> **WORK TO COMPLETE**
Copy out the listing in full, exactly as written, but not its pictures.

> **PROVIDED DATA**
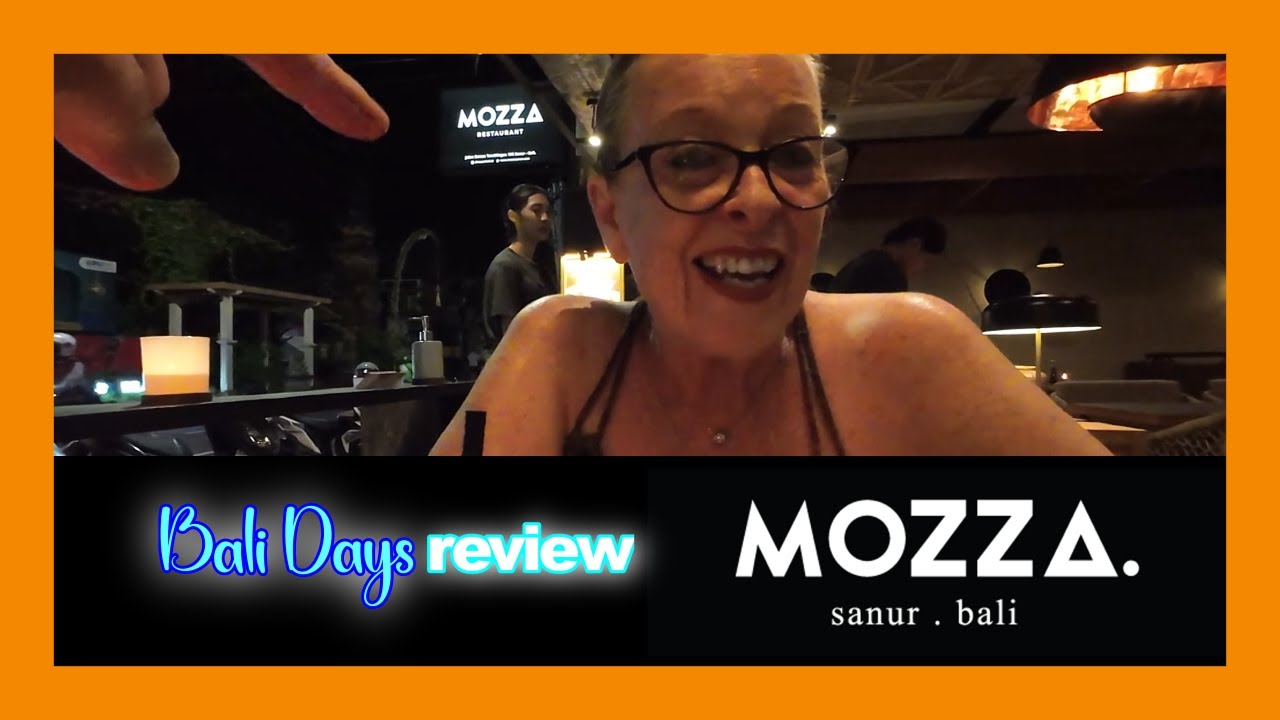 Mozza Restaurant is Quality Dining in Sanur Bali
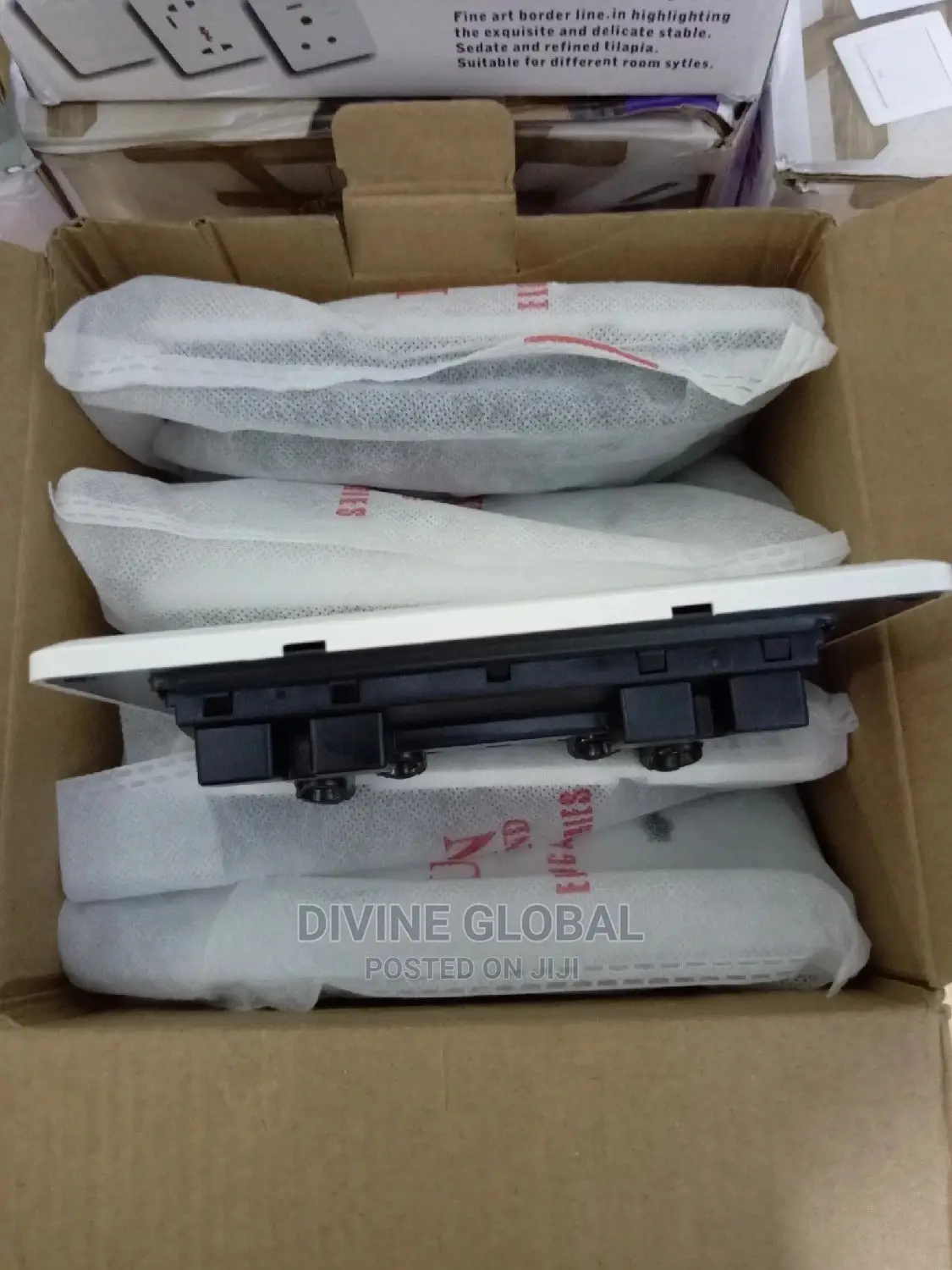 13A Double Multi Wall Socket
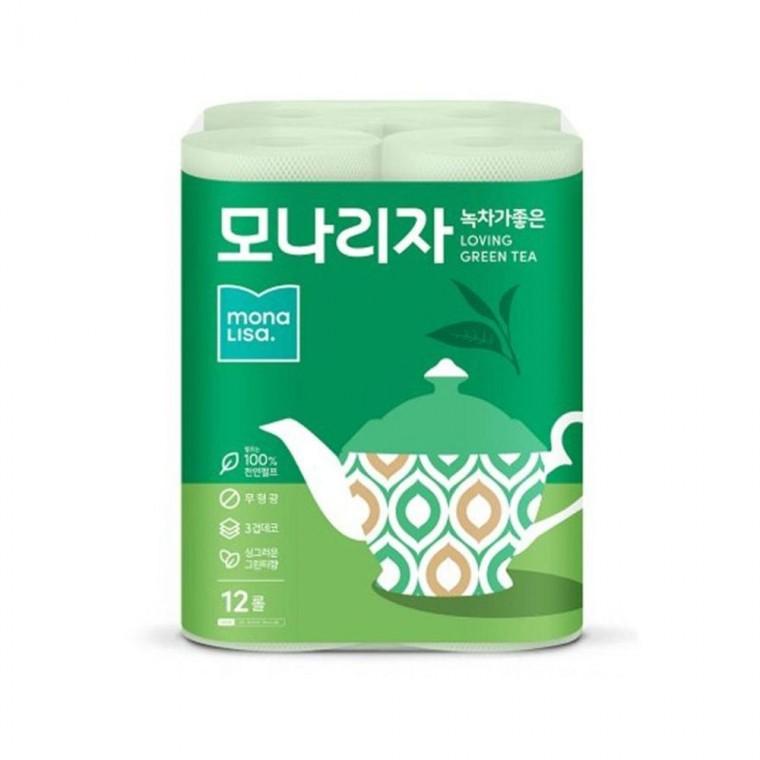 루미나D 좋은 녹차가 화장지 30mx12롤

> **COMPLETED TASK**
 Mozza Restaurant is Quality Dining in Sanur Bali
 13A Double Multi Wall Socket
 루미나D 좋은 녹차가 화장지 30mx12롤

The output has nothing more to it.